A Balancing Act: Online vs. Offline



Our smartphones seem to be attached to us in one way or another. They’re that rectangular bulge in our back pockets, that extra limb extending from our palms. We use our phones to capture a lot of important moments: our kid’s first day on the school bus, a family reunion with four generations lined up together, or summer road trip adventures across the states. But on social media interspersed with photos and videos of these memories are the BLT sandwich your co-worker had for lunch and the beach selfie your best friend posted. National Public Radio’s post Should We Live Life, Or Capture It? discusses our understandable human urge to record and share moments in our lives while encouraging us to live in the moment instead of through the lens.

Being thoughtful in deciding when to use our smartphones and when to be fully engaged eye-to-eye can bring out the best of our online and offline worlds. As great as our smartphones are, their constant presence in our lives isn’t always appropriate. This topic takes on a new set of considerations when placed in the classroom. In many schools, kids are allowed to carry their phones with them throughout the day. Guidelines vary from school to school, and this Safe Search Kids post about Cell Phones In School compares the pros and cons of the situation. As parents, we can teach our kids about how to balance their online and offline time at school and throughout their lives.


In school

Schools seek balance for cellphones in class: Are they a teaching tool or a distraction? 
by The Boston Globe
With policies ranging from BYOD (bring your own device) to restricted use, schools are handling the complex topic of tech in classrooms with varied approaches. This article offers a candid look into how schools in Massachusetts and New York are figuring out the logistics.
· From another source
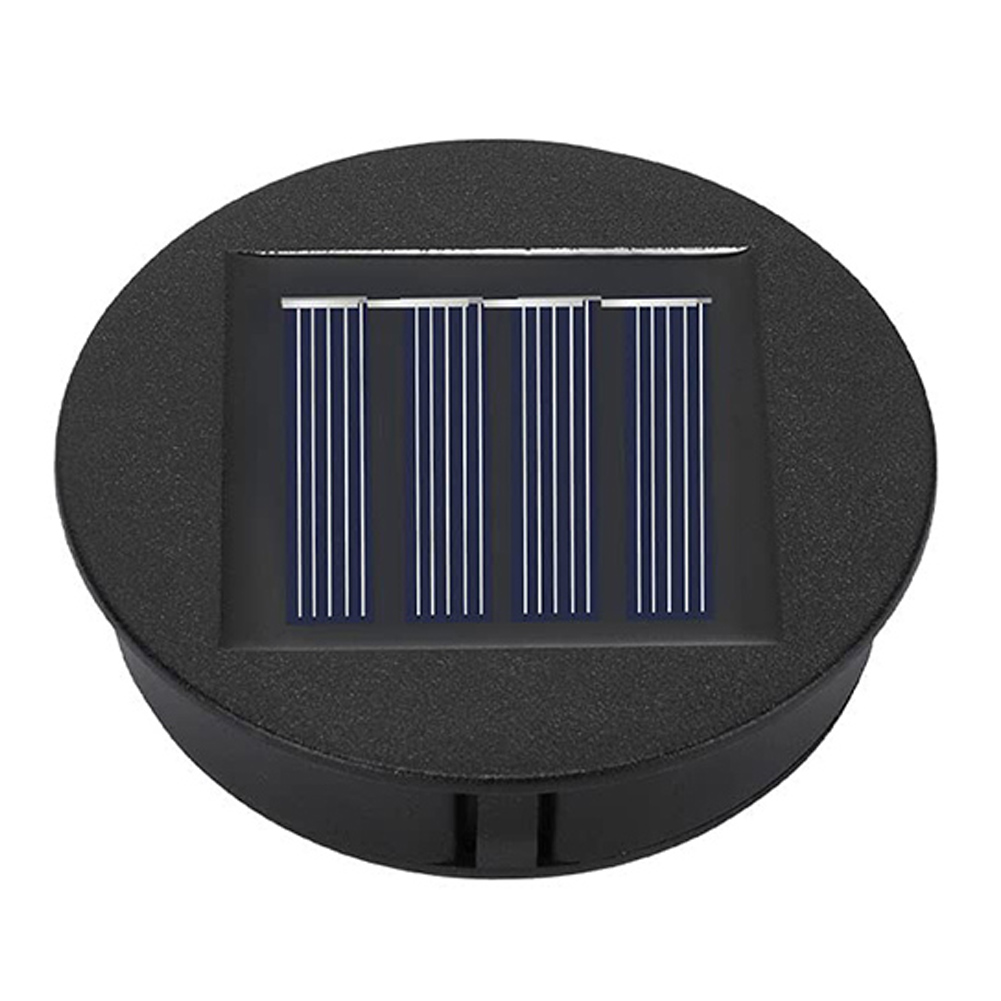 Outdoor Power Board - ソーラーパネルランタン 1.2 V 600 MAh ソーラーライト交換用トップ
17 Pros and Cons of Using iPads in the Classroom
by SecurEdge
With iPads appearing in schools as teaching devices, this list explains some of the realities that we can expect with this new classroom technology.


In social gatherings

Why Snapchat Has Ruined Our Nights Out
by The Odyssey
We think the author of this post says it best, “Capturing the moment is one thing, capturing every single moment for your snap story and therefore experiencing the moment through your phone camera is another.”

‘Pics or it didn’t happen’ – the mantra of the Instagram era
by The Guardian
Teenagers constantly spout the saying “pics or it didn’t happen” when capturing moments with their smartphone, and this article dives into revealing why it’s so important for people to feel recognized and heard on social media.